» **What to produce**
Omit any picture, and return the remaining data exactly as written.

» **Data segment**
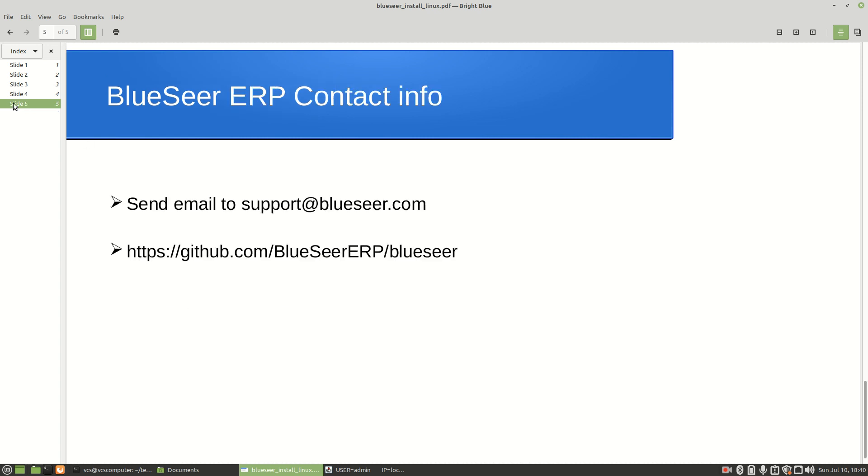So with that said, that is it. If you do come across a Linux distro that you have problems doing this procedure, doing this install on that Linux distro, let us know - we want to hear about it. Send an email to support at blueseer.com or better yet go to the project source site at github.com/blueseerERP/blueseer. You can enter an issues ticket or a discussion and just let us know your experience. So that concludes this presentation. I hope it was helpful. Enjoy, alright.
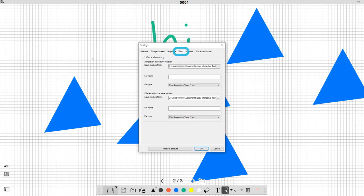Using the Save tab of the Settings menu, you can change your default save location.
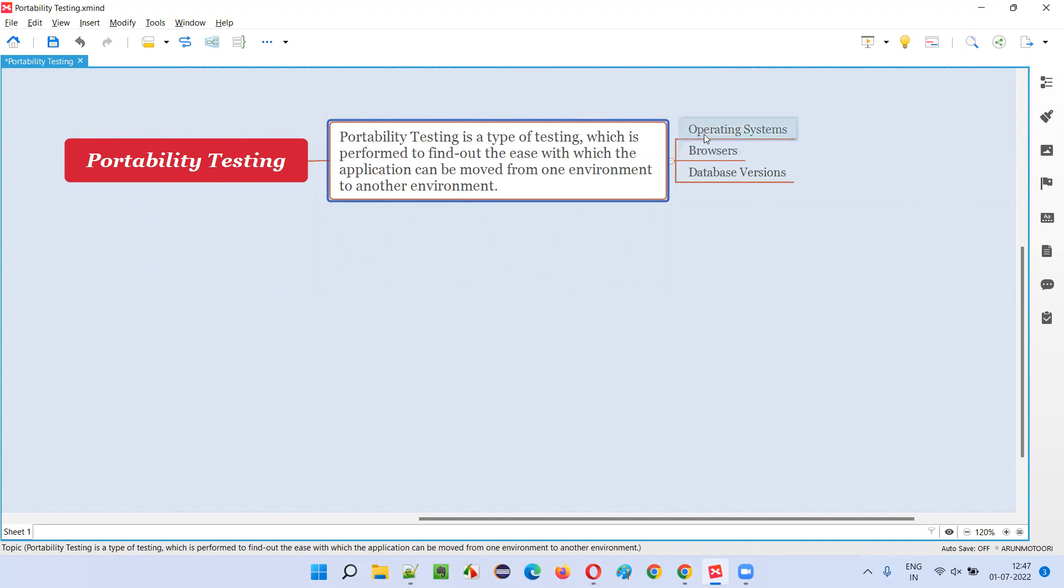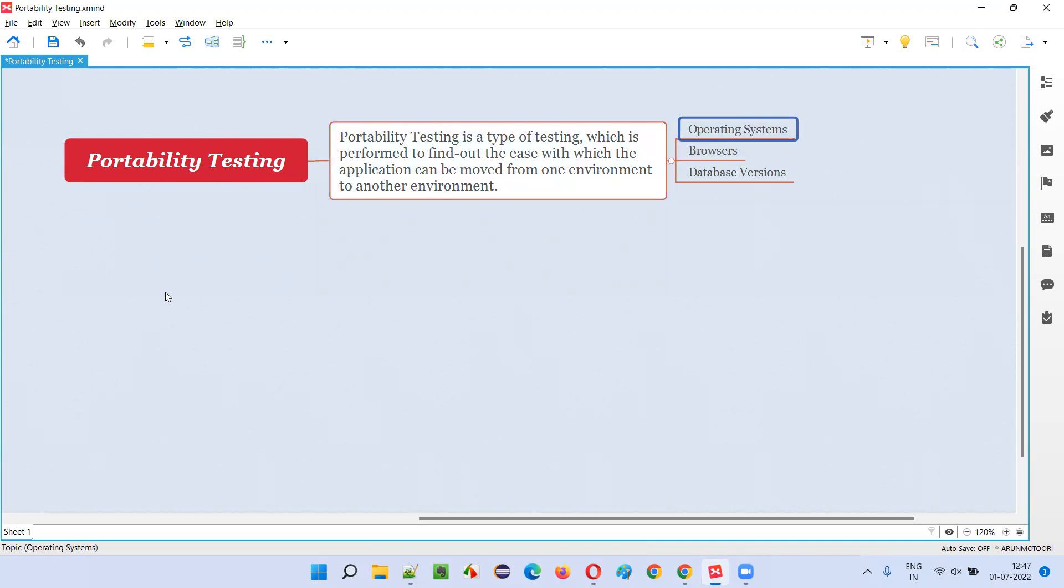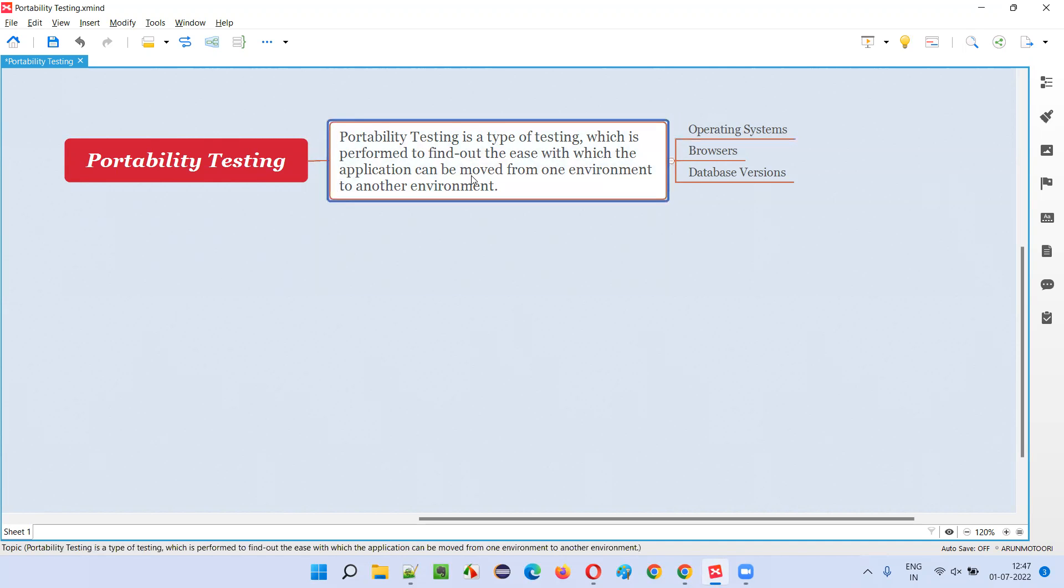What is an environment? Environment can be an operating system. If you're moving an application from one version of the operating system to the latest version and seeing whether we can easily move it or not.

» **Written reply**
So with that said, that is it. If you do come across a Linux distro that you have problems doing this procedure, doing this install on that Linux distro, let us know - we want to hear about it. Send an email to support at blueseer.com or better yet go to the project source site at github.com/blueseerERP/blueseer. You can enter an issues ticket or a discussion and just let us know your experience. So that concludes this presentation. I hope it was helpful. Enjoy, alright.
Using the Save tab of the Settings menu, you can change your default save location.
What is an environment? Environment can be an operating system. If you're moving an application from one version of the operating system to the latest version and seeing whether we can easily move it or not.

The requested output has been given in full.